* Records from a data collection
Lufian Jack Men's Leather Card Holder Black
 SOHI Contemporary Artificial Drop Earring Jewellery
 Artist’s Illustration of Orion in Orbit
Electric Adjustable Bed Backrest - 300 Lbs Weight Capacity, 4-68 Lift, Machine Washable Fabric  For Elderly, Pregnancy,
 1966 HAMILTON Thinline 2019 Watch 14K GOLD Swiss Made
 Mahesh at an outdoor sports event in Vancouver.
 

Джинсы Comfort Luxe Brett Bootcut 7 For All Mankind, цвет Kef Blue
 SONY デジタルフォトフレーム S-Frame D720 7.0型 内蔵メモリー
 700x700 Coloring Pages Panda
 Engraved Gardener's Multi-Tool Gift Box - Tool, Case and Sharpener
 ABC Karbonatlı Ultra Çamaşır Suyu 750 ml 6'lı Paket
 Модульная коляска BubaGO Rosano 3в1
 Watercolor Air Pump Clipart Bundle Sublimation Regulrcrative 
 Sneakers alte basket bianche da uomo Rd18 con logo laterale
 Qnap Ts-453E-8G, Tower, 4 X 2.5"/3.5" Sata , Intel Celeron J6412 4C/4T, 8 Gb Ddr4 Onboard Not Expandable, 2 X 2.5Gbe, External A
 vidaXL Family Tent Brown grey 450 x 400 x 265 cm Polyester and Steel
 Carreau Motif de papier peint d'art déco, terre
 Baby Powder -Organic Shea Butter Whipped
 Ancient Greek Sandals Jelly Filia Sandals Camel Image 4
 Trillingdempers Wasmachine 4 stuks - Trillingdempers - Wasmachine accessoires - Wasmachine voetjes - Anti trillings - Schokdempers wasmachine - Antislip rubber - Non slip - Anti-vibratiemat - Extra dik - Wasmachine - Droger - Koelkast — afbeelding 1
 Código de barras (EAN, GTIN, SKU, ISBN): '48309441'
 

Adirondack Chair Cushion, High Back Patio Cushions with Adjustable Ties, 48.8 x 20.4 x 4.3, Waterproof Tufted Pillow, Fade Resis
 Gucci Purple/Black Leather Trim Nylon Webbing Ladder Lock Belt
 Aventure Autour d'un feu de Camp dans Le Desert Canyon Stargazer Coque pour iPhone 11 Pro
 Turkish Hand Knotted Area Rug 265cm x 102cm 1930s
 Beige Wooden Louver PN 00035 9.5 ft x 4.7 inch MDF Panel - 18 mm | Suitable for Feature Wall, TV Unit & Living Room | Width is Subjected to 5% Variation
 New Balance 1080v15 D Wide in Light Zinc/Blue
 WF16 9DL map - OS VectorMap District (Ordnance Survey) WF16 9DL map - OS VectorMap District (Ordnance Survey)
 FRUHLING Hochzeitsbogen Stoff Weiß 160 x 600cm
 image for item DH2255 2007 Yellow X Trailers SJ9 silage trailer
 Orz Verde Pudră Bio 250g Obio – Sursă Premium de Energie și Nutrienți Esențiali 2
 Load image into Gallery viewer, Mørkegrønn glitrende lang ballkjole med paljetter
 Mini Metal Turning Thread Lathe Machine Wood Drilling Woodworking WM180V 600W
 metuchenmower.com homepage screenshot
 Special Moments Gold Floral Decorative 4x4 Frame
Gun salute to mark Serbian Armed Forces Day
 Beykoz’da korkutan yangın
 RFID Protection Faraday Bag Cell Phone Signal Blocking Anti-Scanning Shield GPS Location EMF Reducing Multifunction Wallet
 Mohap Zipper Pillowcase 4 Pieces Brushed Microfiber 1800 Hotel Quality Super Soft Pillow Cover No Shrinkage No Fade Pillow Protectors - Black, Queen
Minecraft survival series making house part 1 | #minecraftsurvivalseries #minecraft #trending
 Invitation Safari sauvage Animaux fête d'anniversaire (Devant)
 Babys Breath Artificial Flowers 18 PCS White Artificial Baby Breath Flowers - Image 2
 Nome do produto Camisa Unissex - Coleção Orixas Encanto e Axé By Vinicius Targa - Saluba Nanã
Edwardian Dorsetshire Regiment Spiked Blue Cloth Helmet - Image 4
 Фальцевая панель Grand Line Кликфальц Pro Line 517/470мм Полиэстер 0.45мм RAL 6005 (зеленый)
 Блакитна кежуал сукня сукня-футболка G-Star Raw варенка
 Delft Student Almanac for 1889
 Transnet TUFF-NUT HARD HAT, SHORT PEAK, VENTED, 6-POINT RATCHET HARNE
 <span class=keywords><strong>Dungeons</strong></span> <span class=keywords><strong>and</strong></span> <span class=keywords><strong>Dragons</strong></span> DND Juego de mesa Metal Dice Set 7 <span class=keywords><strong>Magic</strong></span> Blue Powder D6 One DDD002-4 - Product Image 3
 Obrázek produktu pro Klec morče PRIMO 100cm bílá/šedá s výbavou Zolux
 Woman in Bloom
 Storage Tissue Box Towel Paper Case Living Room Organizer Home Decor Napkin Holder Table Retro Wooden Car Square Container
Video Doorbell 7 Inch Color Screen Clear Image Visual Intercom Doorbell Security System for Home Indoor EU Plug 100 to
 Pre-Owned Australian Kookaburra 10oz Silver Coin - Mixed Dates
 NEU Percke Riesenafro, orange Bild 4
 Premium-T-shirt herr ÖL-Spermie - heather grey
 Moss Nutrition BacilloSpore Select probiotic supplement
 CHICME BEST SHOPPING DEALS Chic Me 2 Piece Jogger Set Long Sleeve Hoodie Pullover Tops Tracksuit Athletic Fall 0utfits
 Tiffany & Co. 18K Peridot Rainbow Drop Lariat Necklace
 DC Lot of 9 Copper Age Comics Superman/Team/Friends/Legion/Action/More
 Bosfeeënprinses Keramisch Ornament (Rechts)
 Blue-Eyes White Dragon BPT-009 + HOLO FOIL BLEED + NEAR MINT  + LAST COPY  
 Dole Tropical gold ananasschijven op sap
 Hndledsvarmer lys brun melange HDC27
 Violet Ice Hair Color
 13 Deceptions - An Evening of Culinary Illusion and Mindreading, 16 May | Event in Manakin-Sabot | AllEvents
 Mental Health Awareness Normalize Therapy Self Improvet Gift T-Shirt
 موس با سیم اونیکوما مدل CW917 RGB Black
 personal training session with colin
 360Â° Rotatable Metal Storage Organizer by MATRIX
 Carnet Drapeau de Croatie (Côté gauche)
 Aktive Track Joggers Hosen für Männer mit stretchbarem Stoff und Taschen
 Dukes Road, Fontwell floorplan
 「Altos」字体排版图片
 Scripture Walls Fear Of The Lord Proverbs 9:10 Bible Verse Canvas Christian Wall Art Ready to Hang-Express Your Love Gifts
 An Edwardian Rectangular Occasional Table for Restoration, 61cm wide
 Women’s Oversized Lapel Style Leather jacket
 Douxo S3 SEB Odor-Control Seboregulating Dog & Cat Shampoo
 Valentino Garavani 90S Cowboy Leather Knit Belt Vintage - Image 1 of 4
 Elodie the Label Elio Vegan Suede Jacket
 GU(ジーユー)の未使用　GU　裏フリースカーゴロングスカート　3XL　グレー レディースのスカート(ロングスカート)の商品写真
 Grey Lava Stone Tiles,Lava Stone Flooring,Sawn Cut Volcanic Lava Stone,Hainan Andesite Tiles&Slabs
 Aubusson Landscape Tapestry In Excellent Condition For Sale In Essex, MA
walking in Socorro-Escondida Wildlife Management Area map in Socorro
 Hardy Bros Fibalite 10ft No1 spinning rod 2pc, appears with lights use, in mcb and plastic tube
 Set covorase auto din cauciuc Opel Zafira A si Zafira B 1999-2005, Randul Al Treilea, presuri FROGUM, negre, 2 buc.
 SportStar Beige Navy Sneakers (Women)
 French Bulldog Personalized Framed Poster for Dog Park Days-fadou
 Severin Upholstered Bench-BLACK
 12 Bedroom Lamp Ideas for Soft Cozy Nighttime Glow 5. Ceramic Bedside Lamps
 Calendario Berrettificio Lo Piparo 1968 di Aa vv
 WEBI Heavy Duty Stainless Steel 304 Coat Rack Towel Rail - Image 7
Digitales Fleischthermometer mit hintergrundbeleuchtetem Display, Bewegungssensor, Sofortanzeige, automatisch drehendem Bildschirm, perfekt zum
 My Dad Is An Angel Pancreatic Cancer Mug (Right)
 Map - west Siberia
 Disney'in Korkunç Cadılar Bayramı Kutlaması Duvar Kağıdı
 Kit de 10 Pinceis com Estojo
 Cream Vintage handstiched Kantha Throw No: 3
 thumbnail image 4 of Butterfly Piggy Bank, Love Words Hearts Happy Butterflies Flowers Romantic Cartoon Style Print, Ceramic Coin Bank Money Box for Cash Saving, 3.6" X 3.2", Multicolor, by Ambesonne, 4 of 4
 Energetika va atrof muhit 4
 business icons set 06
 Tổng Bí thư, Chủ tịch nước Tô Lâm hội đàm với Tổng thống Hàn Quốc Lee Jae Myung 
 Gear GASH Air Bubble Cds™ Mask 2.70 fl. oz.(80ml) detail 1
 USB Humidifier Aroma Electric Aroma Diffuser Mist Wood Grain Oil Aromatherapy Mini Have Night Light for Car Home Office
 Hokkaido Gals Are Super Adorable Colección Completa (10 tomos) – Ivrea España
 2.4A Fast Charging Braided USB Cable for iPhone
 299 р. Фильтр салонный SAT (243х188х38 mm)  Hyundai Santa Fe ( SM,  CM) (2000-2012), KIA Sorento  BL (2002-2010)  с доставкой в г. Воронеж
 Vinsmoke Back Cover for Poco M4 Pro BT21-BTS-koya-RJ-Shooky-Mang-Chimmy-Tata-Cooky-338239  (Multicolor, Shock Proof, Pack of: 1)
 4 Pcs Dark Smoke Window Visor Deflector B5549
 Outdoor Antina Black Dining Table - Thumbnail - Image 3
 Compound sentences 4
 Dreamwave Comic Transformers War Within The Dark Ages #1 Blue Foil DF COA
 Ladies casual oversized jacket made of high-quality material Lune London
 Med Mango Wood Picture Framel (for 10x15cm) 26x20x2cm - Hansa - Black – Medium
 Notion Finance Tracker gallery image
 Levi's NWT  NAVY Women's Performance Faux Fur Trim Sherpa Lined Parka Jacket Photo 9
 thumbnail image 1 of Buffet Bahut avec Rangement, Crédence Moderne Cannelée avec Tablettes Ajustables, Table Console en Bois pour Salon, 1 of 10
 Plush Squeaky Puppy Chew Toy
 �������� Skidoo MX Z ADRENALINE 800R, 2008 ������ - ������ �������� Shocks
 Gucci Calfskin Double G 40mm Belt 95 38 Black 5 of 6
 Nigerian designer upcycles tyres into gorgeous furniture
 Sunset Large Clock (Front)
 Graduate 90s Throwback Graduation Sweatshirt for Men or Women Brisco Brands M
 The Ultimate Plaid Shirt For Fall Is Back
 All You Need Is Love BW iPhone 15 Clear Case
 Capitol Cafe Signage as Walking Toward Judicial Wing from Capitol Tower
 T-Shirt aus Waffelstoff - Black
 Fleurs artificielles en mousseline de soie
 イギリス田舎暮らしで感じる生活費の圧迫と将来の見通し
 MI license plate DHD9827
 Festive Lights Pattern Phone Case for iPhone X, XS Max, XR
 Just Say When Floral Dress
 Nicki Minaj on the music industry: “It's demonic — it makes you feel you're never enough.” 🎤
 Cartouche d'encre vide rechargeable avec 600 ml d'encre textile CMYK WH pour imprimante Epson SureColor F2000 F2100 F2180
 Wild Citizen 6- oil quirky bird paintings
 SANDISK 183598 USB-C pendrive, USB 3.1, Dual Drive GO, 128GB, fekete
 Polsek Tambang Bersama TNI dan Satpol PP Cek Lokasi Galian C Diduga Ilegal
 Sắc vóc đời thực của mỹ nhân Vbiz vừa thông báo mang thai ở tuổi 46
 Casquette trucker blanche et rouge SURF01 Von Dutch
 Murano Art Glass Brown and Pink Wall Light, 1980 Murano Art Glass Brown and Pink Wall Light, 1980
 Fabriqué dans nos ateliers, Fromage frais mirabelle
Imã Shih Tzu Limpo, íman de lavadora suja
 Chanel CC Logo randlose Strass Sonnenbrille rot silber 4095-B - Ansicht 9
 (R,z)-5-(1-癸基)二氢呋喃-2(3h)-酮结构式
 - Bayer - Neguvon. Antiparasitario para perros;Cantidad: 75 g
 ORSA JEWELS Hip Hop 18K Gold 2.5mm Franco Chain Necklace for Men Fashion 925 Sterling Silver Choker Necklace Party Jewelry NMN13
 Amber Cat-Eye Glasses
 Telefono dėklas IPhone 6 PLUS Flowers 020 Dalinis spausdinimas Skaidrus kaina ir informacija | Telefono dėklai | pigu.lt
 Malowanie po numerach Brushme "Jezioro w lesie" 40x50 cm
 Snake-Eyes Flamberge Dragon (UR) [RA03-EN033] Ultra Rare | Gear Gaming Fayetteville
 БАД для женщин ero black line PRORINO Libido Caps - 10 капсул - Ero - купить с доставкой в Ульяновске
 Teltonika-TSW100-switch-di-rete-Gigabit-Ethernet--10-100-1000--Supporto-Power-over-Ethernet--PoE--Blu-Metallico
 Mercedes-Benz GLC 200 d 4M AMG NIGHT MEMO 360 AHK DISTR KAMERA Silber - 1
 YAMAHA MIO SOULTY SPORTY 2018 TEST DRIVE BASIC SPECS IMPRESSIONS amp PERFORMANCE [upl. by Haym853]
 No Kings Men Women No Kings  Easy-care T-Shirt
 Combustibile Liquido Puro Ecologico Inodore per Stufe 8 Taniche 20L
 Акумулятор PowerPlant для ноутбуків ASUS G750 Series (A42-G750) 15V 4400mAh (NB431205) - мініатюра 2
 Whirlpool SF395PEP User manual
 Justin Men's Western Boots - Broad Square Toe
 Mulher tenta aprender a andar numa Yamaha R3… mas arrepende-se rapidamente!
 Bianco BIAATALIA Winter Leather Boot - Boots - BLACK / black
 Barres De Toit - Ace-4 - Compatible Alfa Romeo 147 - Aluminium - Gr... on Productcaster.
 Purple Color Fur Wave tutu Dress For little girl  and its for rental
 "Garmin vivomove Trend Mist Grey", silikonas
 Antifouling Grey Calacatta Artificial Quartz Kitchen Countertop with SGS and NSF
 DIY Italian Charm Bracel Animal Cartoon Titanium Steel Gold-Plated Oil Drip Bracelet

* Goal of the exercise
Repeat the data word for word, starting at its first line and stopping after the line that contains "Джинсы Comfort Luxe".

* Solution to the exercise
Lufian Jack Men's Leather Card Holder Black
 SOHI Contemporary Artificial Drop Earring Jewellery
 Artist’s Illustration of Orion in Orbit
Electric Adjustable Bed Backrest - 300 Lbs Weight Capacity, 4-68 Lift, Machine Washable Fabric  For Elderly, Pregnancy,
 1966 HAMILTON Thinline 2019 Watch 14K GOLD Swiss Made
 Mahesh at an outdoor sports event in Vancouver.
 

Джинсы Comfort Luxe Brett Bootcut 7 For All Mankind, цвет Kef Blue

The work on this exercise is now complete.